The 22-year-old American will bag the biggest annual prize in ski racing after Slovenian Ilka Stuhec, the only other skier mathematically in the running, reportedly said she will not enter Saturday’s slalom at the World Cup Finals in Aspen, Colo., (broadcast schedule here). It will become official when the start list is out later Friday.

Stuhec had a miniscule chance of overtaking Shiffrin, needing to win both Saturday’s slalom and Sunday’s giant slalom and for Shiffrin to finish outside the top 15 in both races. Stuhec does not typically race slaloms.

Shiffrin became the fifth American to take the overall title, awarded since 1967 to the male and female skiers who accumulate the most points across all races in the World Cup season.

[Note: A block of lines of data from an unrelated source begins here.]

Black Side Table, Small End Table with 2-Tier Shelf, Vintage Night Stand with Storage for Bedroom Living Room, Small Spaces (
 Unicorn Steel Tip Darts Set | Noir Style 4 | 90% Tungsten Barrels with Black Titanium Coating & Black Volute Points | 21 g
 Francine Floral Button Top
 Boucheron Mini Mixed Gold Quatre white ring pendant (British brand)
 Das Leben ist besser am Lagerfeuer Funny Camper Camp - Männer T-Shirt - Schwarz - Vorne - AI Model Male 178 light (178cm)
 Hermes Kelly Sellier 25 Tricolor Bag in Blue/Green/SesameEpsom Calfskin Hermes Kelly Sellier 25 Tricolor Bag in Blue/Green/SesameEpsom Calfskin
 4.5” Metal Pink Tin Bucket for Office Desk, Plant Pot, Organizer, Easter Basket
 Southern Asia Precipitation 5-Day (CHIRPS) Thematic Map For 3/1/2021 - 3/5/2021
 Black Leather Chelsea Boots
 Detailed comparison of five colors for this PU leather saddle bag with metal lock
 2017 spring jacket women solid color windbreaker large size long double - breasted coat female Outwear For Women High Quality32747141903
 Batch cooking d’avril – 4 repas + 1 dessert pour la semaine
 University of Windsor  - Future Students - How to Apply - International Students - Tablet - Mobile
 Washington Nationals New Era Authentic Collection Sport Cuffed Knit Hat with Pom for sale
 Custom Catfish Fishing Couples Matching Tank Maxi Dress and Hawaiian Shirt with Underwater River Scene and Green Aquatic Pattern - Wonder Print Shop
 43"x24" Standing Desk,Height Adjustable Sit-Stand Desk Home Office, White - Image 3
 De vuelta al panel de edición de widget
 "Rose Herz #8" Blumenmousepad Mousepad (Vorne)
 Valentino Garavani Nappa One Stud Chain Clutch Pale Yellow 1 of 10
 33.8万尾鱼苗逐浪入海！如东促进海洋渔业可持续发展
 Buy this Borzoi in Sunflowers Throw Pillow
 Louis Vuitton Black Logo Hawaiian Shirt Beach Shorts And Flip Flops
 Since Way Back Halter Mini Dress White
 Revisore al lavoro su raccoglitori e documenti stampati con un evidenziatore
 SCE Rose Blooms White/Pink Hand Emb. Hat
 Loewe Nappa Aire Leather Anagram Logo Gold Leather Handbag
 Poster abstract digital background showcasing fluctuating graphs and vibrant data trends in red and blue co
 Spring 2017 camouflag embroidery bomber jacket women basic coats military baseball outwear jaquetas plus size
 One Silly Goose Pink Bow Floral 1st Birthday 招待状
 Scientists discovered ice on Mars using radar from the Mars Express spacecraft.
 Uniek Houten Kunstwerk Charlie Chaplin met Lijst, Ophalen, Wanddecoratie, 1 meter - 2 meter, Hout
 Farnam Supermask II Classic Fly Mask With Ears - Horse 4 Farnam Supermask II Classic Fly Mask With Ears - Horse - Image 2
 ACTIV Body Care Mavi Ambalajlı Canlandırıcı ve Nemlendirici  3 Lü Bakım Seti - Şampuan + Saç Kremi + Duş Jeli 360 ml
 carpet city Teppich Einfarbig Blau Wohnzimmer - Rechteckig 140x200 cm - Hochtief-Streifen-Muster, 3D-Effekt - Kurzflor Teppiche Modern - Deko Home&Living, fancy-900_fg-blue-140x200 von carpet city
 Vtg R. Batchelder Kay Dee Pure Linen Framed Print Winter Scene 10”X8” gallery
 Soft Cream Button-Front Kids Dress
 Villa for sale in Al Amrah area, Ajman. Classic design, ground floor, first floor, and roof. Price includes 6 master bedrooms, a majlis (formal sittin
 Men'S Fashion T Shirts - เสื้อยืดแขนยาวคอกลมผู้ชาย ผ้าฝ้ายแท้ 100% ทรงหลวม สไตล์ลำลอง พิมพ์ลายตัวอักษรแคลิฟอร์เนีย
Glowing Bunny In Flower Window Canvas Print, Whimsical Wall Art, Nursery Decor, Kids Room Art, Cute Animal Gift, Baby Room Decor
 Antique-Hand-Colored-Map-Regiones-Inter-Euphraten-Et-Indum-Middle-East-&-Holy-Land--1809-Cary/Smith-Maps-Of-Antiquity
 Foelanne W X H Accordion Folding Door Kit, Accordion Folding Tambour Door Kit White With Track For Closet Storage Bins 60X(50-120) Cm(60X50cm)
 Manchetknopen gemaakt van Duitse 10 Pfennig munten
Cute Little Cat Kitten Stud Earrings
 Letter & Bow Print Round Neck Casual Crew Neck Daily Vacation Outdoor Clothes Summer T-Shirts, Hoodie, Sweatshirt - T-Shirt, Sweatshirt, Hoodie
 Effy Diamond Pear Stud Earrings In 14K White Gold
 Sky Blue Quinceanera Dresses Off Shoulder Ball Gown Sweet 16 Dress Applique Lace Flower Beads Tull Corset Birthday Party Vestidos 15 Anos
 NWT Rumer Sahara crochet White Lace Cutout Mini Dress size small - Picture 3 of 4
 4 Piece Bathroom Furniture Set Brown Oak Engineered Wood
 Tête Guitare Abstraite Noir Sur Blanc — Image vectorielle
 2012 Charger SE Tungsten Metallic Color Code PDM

She joins Phil Mahre (1981-83), Tamara McKinney (1983), Bode Miller (2005, 2008) and Lindsey Vonn (2008-10, 2012) in bringing the crystal globe back to the U.S.

Shiffrin is also the youngest male or female overall champion since Croatian Janica Kostelic in 2003.

She clinched with two races left in a 37-race season, but it was wrapped up for all intents and purposes on Feb. 10. On that day, Swiss Lara Gut, the defending World Cup overall champion, tore an ACL in a warm-up at the world championships.

Gut was 180 points behind Shiffrin at the time, significant, but the remaining World Cup schedule favored Gut’s speed events to Shiffrin’s technical events.

With Gut out, Shiffrin cruised to the title by winning three of her next four World Cup races. She’s now at 11 wins this season, most by any man or woman, and could finish with 13 if she bags Saturday’s slalom and Sunday’s giant slalom in Aspen.

Thirteen victories would tie Shiffrin for second all-time in one season by a man or woman. It would also give her 33 career World Cup wins, matching Bode Miller for second all-time among Americans behind Vonn, who has 77.

It has been quite the rise for Shiffrin since she captured gold in Sochi. She became more dominant in slalom, began winning in giant slalom and super combined and is now a podium threat in the scattered super-Gs that she starts.

It all sets up for Shiffrin to go into the Olympic season with the chance to become the first U.S. woman to win three gold medals at a single Winter Olympics.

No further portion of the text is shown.